Posted on 22 Jul 2011
A congressional audit report revealed on Thursday that Federal Reserve
Bank of New York President Timothy Geithner allowed William Dudley, a
senior bank official during the 2008 financial crisis, to continue
working on the bailout of American International Group Inc. (AIG) even though he held shares in the company.
The waiver allowed Mr. Dudley, who became president of the New York Fed in January 2009, to also work on issues involving General Electric Co., another company that received assistance, even though he also held shares in that company.
All the shares have now been sold, the New York Fed said Thursday. Mr. Dudley, "volunteered to dispose of the shares at predetermined dates, agreed to by the New York Fed's ethics office," the bank said in a statement.
Mr. Geithner is now the U.S. Treasury Secretary.
The Government Accountability Office report said the New York Fed's chief ethics officer recommended the waiver in part because selling the stock could have put Mr. Dudley in violation of securities laws. The ethics officer also cited the critical role that Mr. Dudley played at the Fed and a determination that his holdings didn't exceed a $15,000 level under federal ethics regulations.

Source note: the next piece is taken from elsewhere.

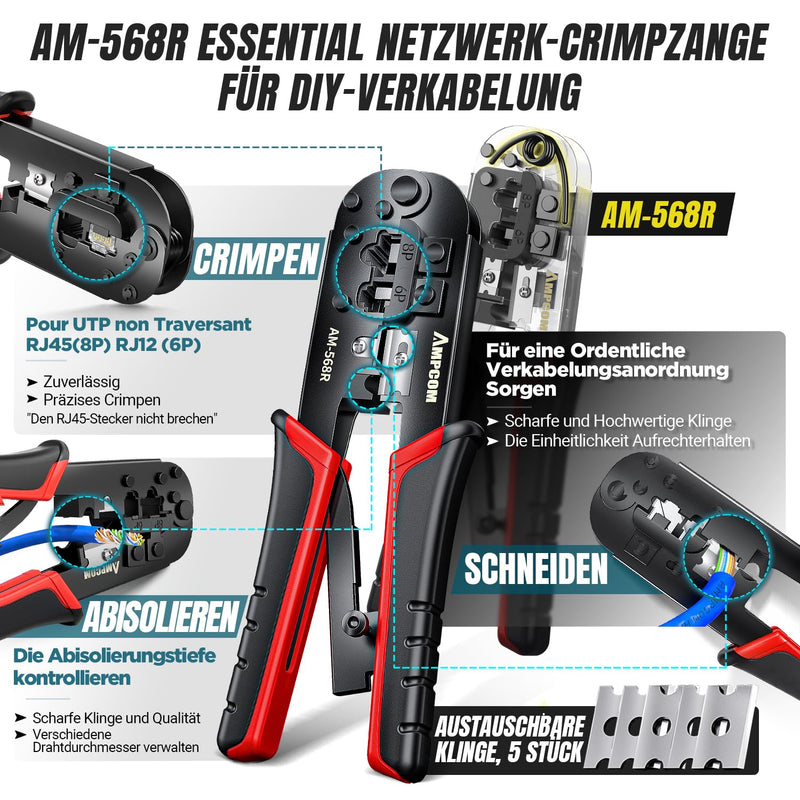 AMPCOM Ethernet Crimping Tool Kit 10-in-1 RJ45/RJ11 Network Tool Kit with RJ45 Tester for Cat6/Cat5e/Cat5 RJ45 Connectors, Includes 110 Punch Down Tool & Wire Stripper, Portable Waterproof Bag 568R All in 1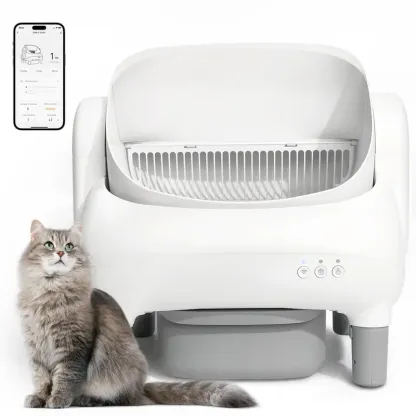 Arenero inteligente autolimpiable FUMOI para múltiples gatos | Control por app, sensores de seguridad y diseño con bloqueo de olores, depósito de 10,5 L (Solo compatible con Wi-Fi 2.4G)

The Fed is unlikely to face fresh criticism for how it conducted itself during the financial crisis. To some observers, the conflicts identified in the report reflect the unexpected position the Fed found itself in during the financial crisis, as central bankers found themselves forced to move quickly to rescue a wide range of private institutions.

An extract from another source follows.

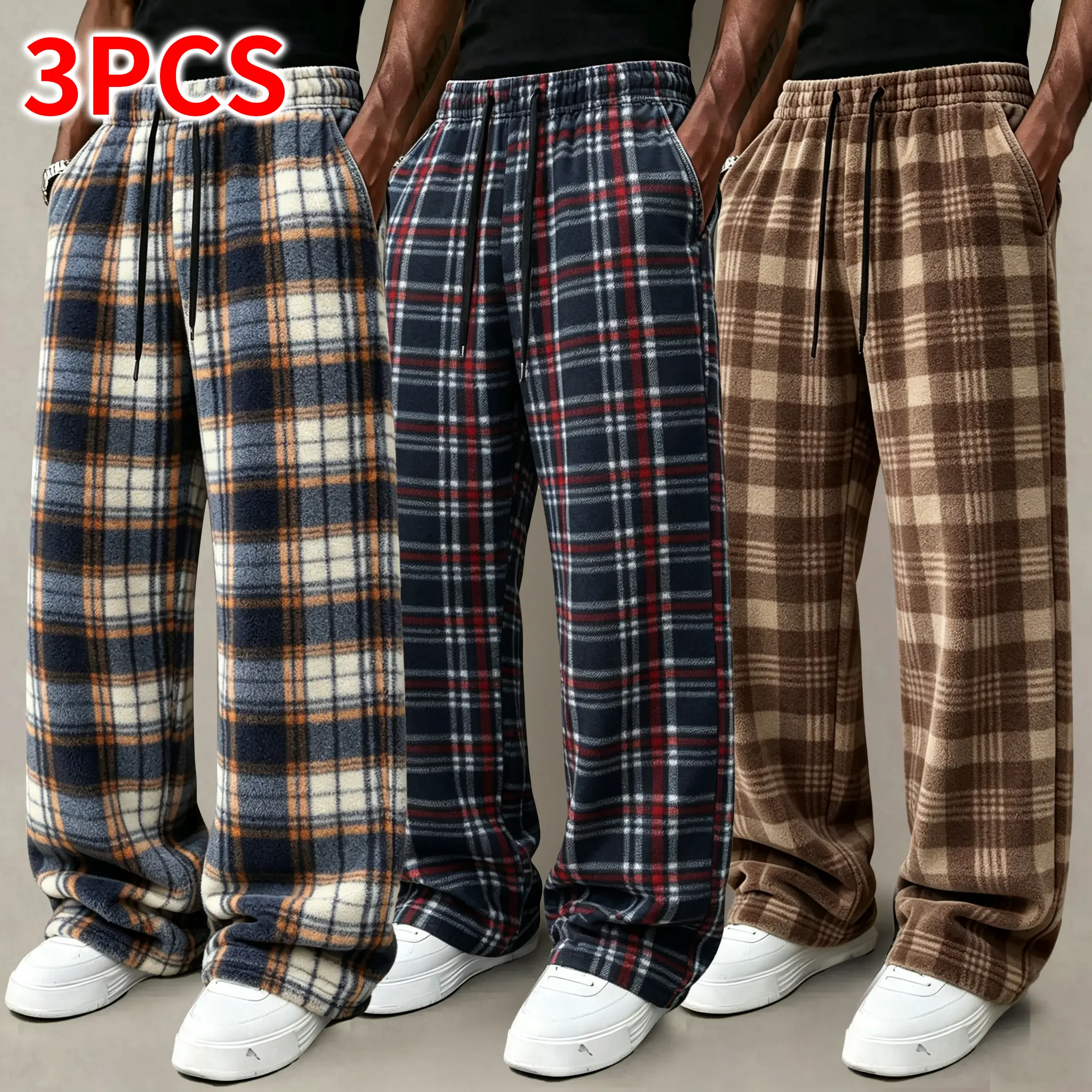 3-Pack Men’s Plaid Wide-Leg Pants (2-Pack or Single Option Available), Vintage Plaid Loose Straight-Leg Pants, Drawstring Loose Streetwear Pants, Fall & Winter Wardrobe Essential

"The world was changing so quickly and so dramatically they were not able to catch up" and adjust their internal conflict policies, said Tim Duy, an economist with the University of Oregon. Mr. Duy added "the real failures" at the Fed came before the crisis, when they failed to adequately regulate banks and make sense of what was happening in housing markets.
Still, the Fed has yet to update its conflict of interest policies to "more fully reflect" potential conflicts that could arise in financial crises, the report found. AIG wasn't regulated by the Fed before the bailout, and as a result wasn't covered by existing restrictions on investment holdings.
The GAO said the Fed should consider altering its conflict-of-interest policies, including addressing conflicts related to nonbank institutions that participate in emergency programs.
Warren Gunnels, an aide to Sen. Bernie Sanders (I, Vt.), was more succinct. "If there are employees at the Fed that the Fed has granted access to operate emergency programs, they should not be allowed to potentially game the system," he said. Mr. Sanders had asked for the report, which was mandated by the Dodd-Frank financial overhaul law.
In a statement accompanying the report, Fed general counsel Scott Alvarez said the Fed would give the recommendation and others "serious attention" to the extent that the issues hadn't already been addressed.
Mr. Dudley's waiver was granted Sept. 19, 2008, three days after the Federal Reserve Board authorized the New York Fed to help AIG. Other employees were also granted waivers during the crisis, although some were required to sell their holdings, the report found.
Without a waiver, "employees were prohibited from working on an emergency program while holding investments that would be affected by their participation in matters concerning those programs," the report said, citing staff from the New York Fed.
The GAO report also found the Fed's regional banks relied on outside firms to manage many of the rescue programs, including the $30 billion of Bear Stearns & Co. mortgage-related assets. The biggest beneficiary appeared to be BlackRock, which was paid almost $211 million for a variety of services, including valuing assets and selling securities, according to the report. Morgan Stanley earned $108 million for managing a credit facility that shored up AIG Corp. Among law firms, Davis Polk & Wardwell earned more than $33 million, mostly for providing legal services for the AIG bailout.